Monday, September 28, 2015

Comic Review: Mythic #4

I started following this series after picking up the #1 issue randomly. I read just about every #1 from Image, but don't always pick up the issues after it. This comic just hits a very specific spot for what I want to see and feels like a recent theme: comics that decide they're going to throw as many ideas out there as possible and make them work. Somehow, Mythic has kept pulling it off for a number of issues and is showing no sign of stopping.

It's taken a little while, but the plot of the series is really starting to develop. It wasn't a focal point before, with most of the development being in the background. Our protagonists as on their own as other teams are disappearing, with no one around to help them. There's not a lot of plot development, but it's starting to take a major role in the story, including diving deeper into the backstory, specifically about how Dr. Baranski died and why it hasn't slowed her down yet.

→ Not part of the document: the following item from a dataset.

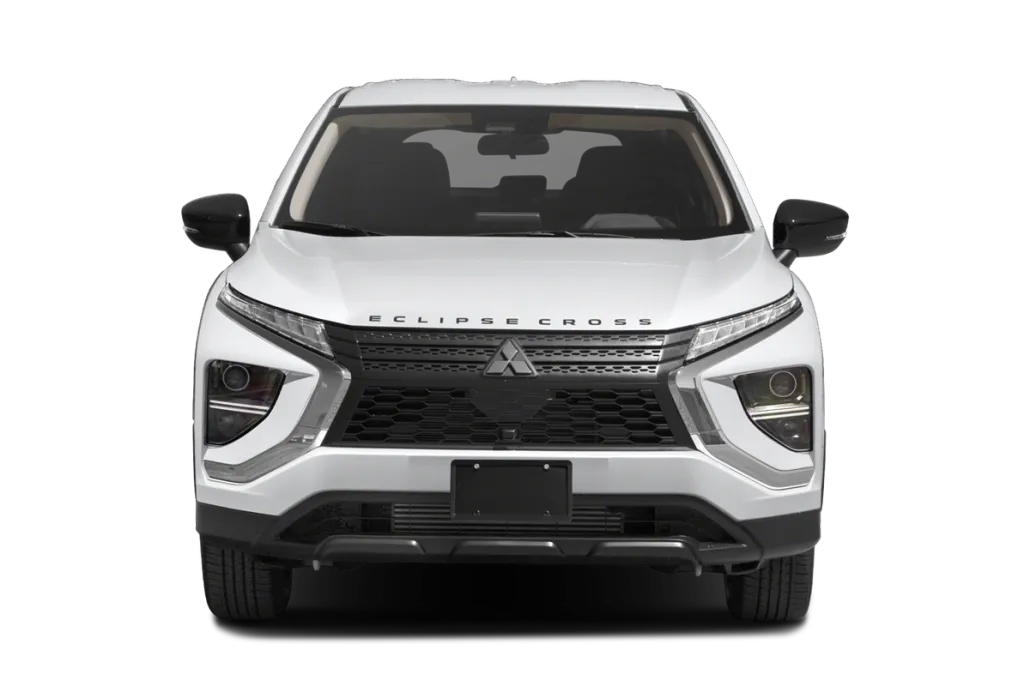2023 Mitsubishi Eclipse Cross LE photo 1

The reason the plot hasn't mattered so far in the series is that this comic has figured out how to weaponize comic book insanity. While it doesn't quite match up with last month's giant, profane baby wrestling a dinosaur, the skyscraper-sized worm threatening to eat dwarves deserves some recognition. The entire series has been about things that are, well, mythic in scale, with the creatures and situations. This comic goes as far as to bring in Heaven and Hell and all gods across all the pantheons, and the characters just deal with it, unfazed. We even have a character here who looks right at a god and tells him that he's not real, and it wouldn't even matter if he was.

Of course, just having the creatures and gods means nothing if they don't look right, and this series more than delivers on that. For the giant worm at the beginning, the sense of scale is enormous, which is exactly what we want given their size. The gods look like they should be gods, though they're rejected by the main characters. The world is not realistic, but just stylized enough for all these creatures and gods to feel like a fitting part of it, but not to throw us into a completely unreal world. It's not trying to be real, just real enough.

The plot is picking up, and could very well become an element of the story that feels important between bouts of insanity that the writers inflict on us. For now, this works great as the pure joy of seeing what is the next thing that the creators will come up with and throw at us, and sometimes that's all you need.